In this case, the time series $Y_{t}$ is stochastically equal to the following time series $X_{t}$.

Am I correct?

Answer 1

Your calculations are correct but the meaning is simpler. The authors assume that $\mathbb{E}\left[Y_t\right] = 0$. If this were not the case, say $\mathbb{E}\left[Y_t\right] = \mu$, then substitute $Z_t = Y_t - \mu$ for $Y_t$ and follow along with the book.

Answer 2

If you have a stationary AR(1) process given by:

$$W_t = \mu + \phi W_{t-1} + \varepsilon_t$$

Then the mean is:

$$\mathbb{E}(W_t) = \frac{\mu}{1-\phi}$$

Note that the mean is not $\mu$ in general.

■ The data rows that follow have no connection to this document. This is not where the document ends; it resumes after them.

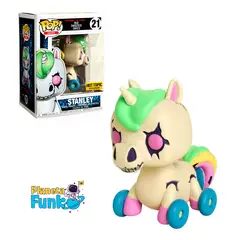 FUNKO - FIVE NIGHT AT FREDDY'S STANLEY 21 HOT TOPIC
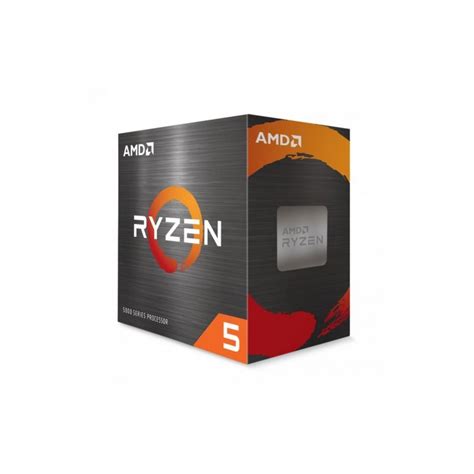 Procesador Ryzen X Core Ghz Ghz Max Boost Socket Am Hilos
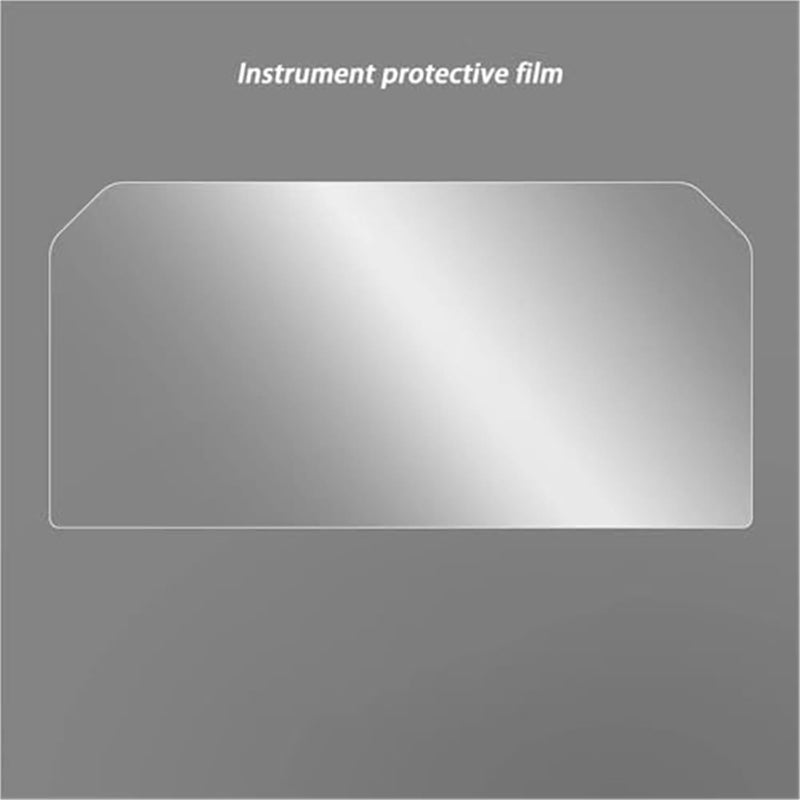 Wivplex Motorcycle Screen Protector for TMAX560 - Image 3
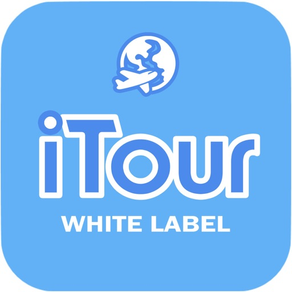 iTour White label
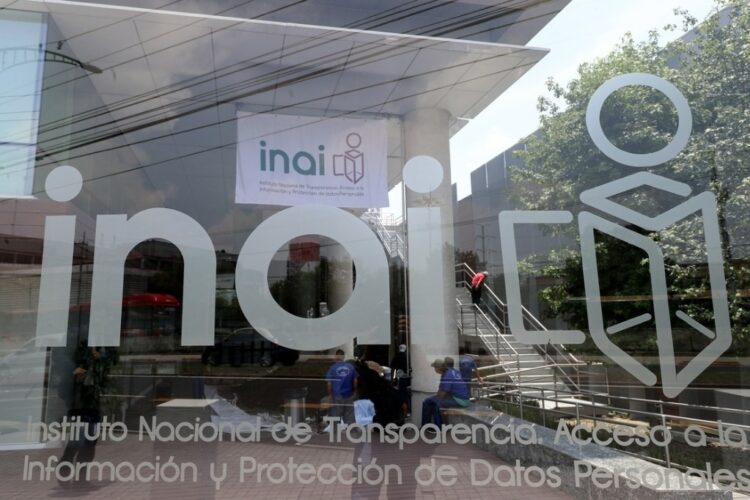 "Da igual que exista, no sirve para nada", señala AMLO sobre el Inai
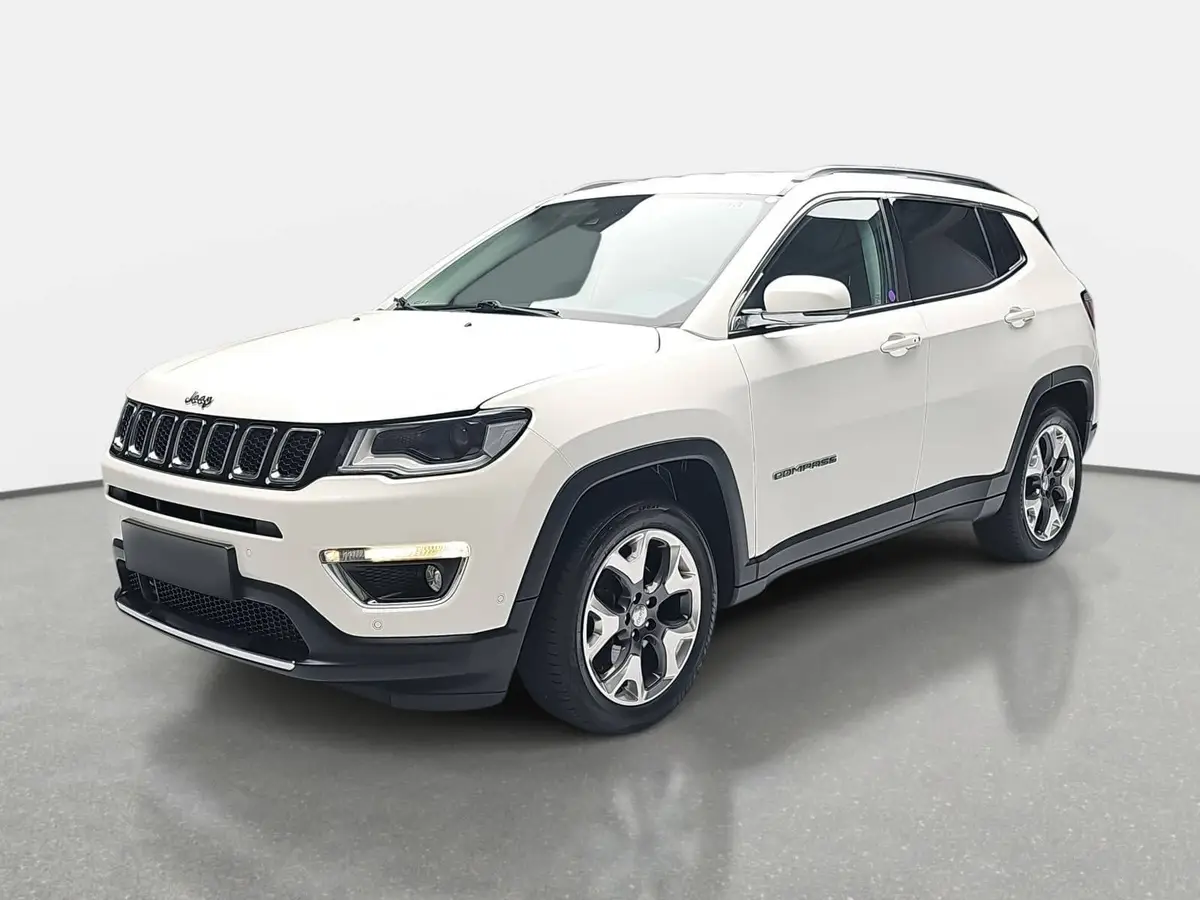 JEEP COMPASS 1.4 MULTIAIR LIMITED FWD WINTER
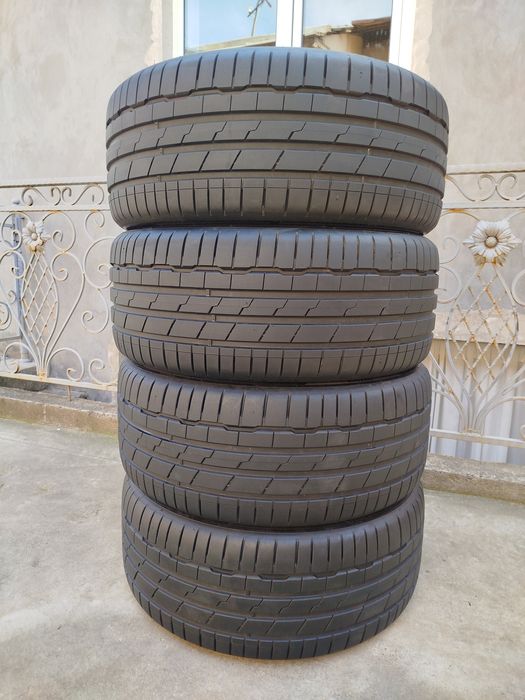 245 40 R19 Shina Hankook ventus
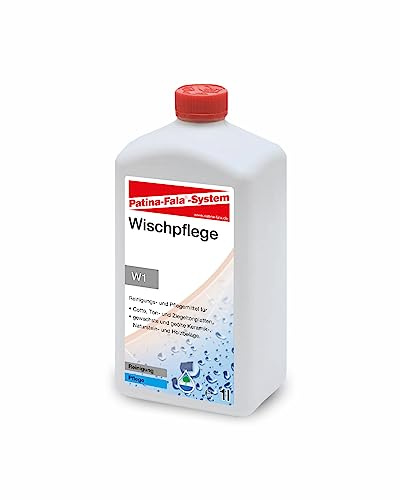 Patina-Fala Wischpflege, 1 L, W1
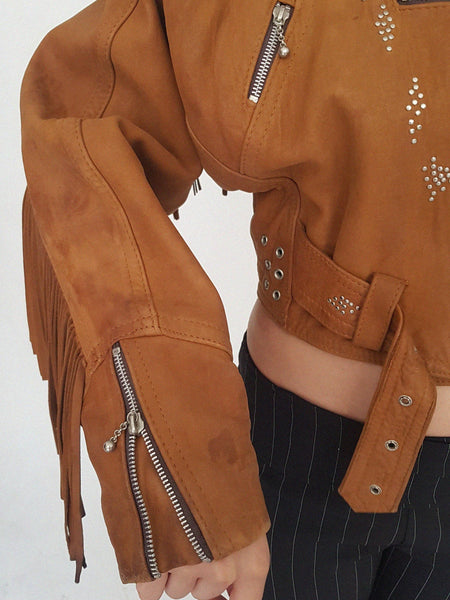 RARE COAT II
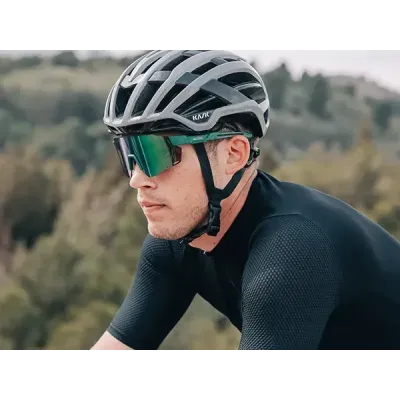 Очки Magicshine Windbreaker Classic, Red, WB006 (MSN GL4008) - 6 - Robinzon.ua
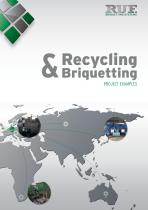 RUF Recycling Projects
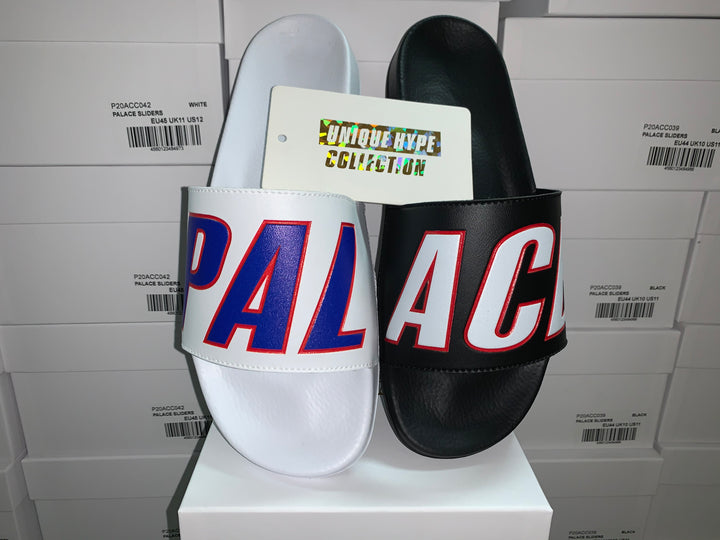 新品 PALACE SKATEBOARDS SLIDER サンダル US9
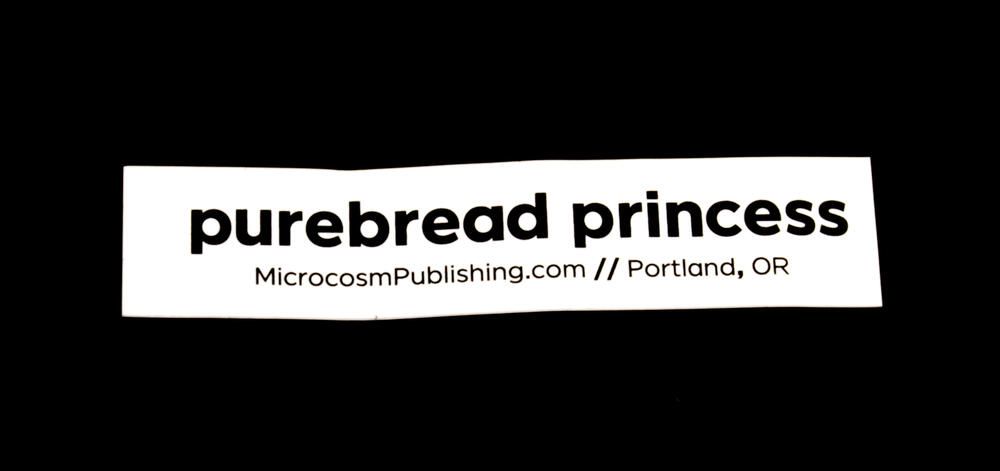 Purebread Princess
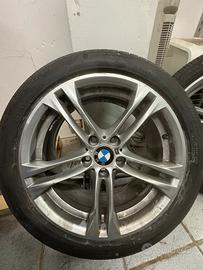 Cerchi bmw m sport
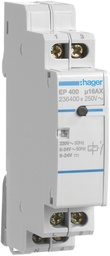 [534804142] Schrittschalter HA 8-230V 16A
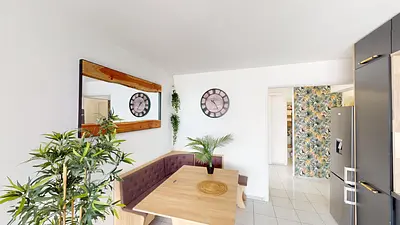 Photo du 83 Boulevard Du Redon, 13009 Marseille, France Marseille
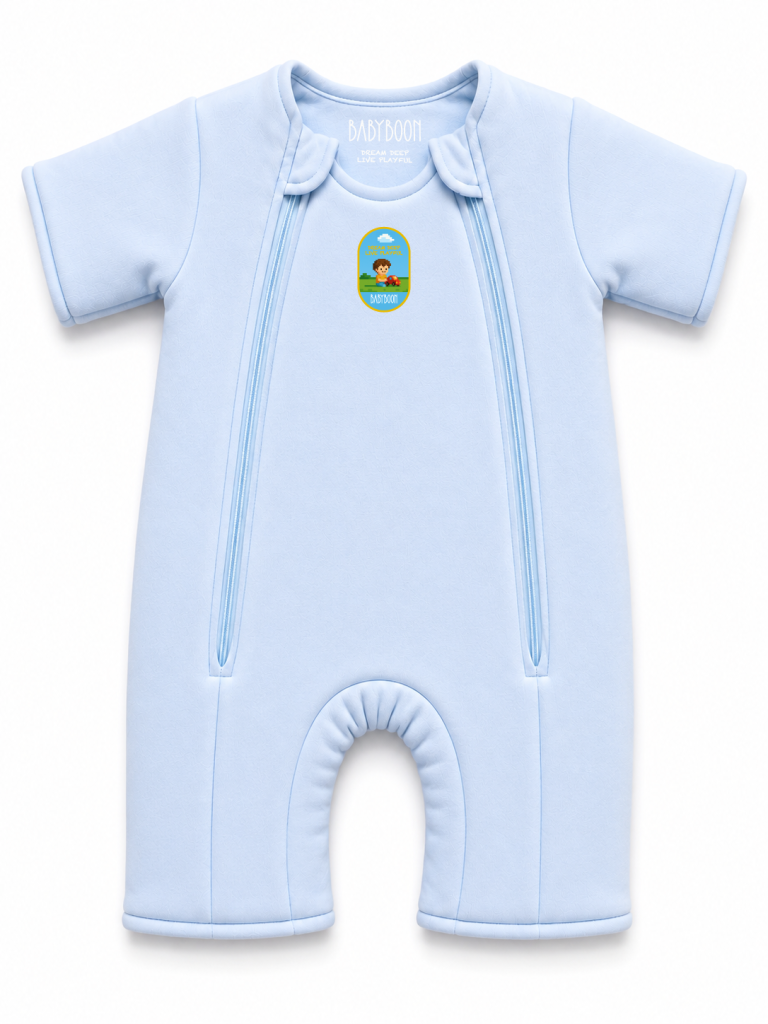 Baby Sleep Suit | 90's Collection Powder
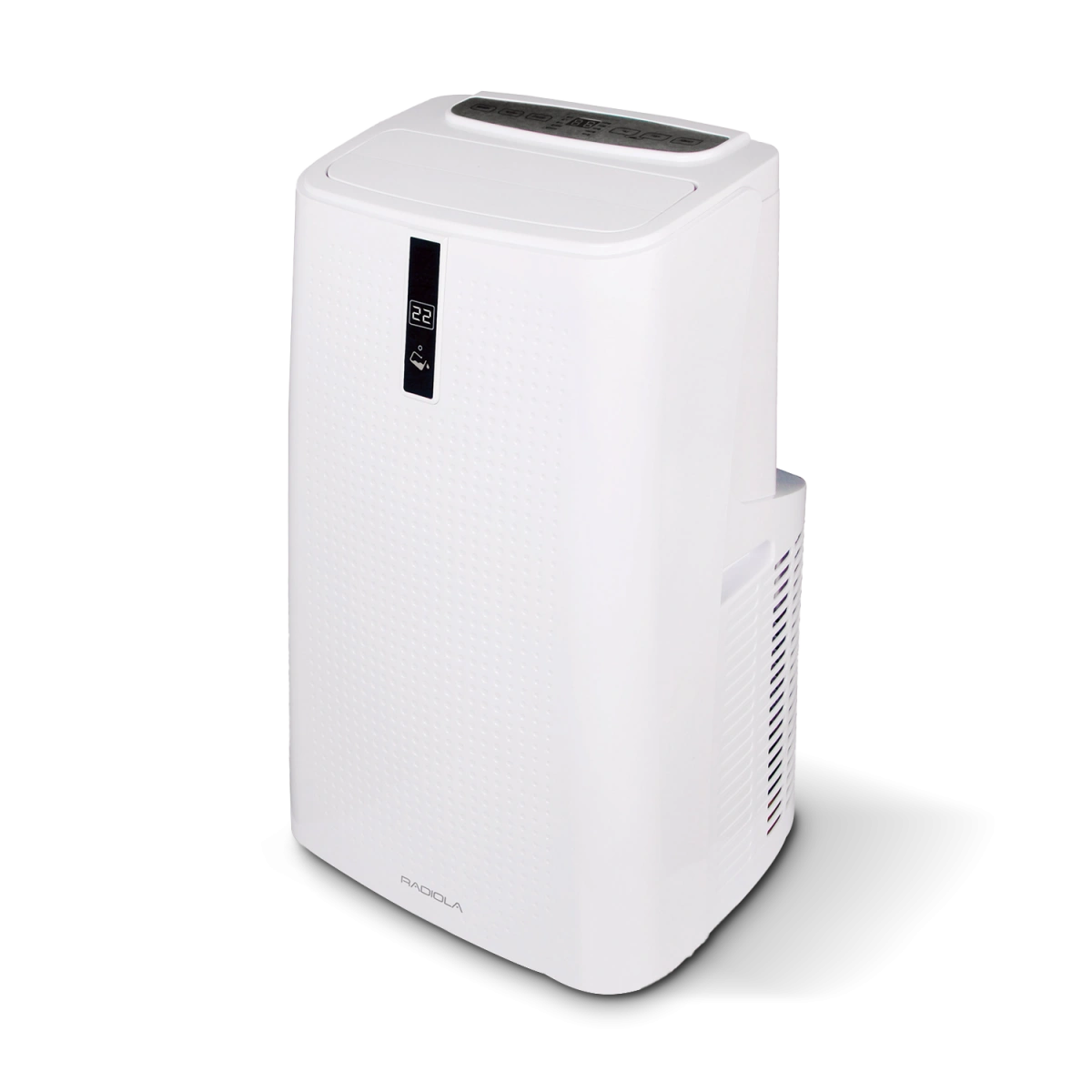 Climatiseur mobile haute performance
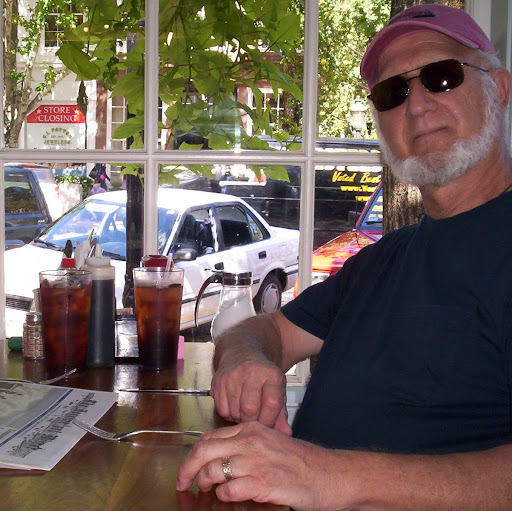 Peter Stack Photo 25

If you subtract the mean and define a new process:

$$X_t := W_t - \mathbb{E}(W_t) = W_t - \frac{\mu}{1-\phi}$$

Therefore $W_t = X_t + \frac{\mu}{1-\phi}$ and you can substitute this back into the first equation to get:

$$ X_t + \frac{\mu}{1-\phi} = \mu + \phi \left(X_{t-1} + \frac{\mu}{1-\phi}\right) + \varepsilon_t $$

Or:

$$ X_t = \mu \left[1 - \frac{1}{1-\phi} + \frac{\phi}{1-\phi}\right] + \phi X_{t-1} + \varepsilon_t $$

Which is just:

$$X_t = \phi X_{t-1} + \varepsilon_t$$

This is a stationary AR(1) process with mean zero.

The issue with your derivation is that you use the wrong mean and then end up with an equation that doesn't have the same process on both sides ($X_t$ on the left and $W_{t-1}$ on the right).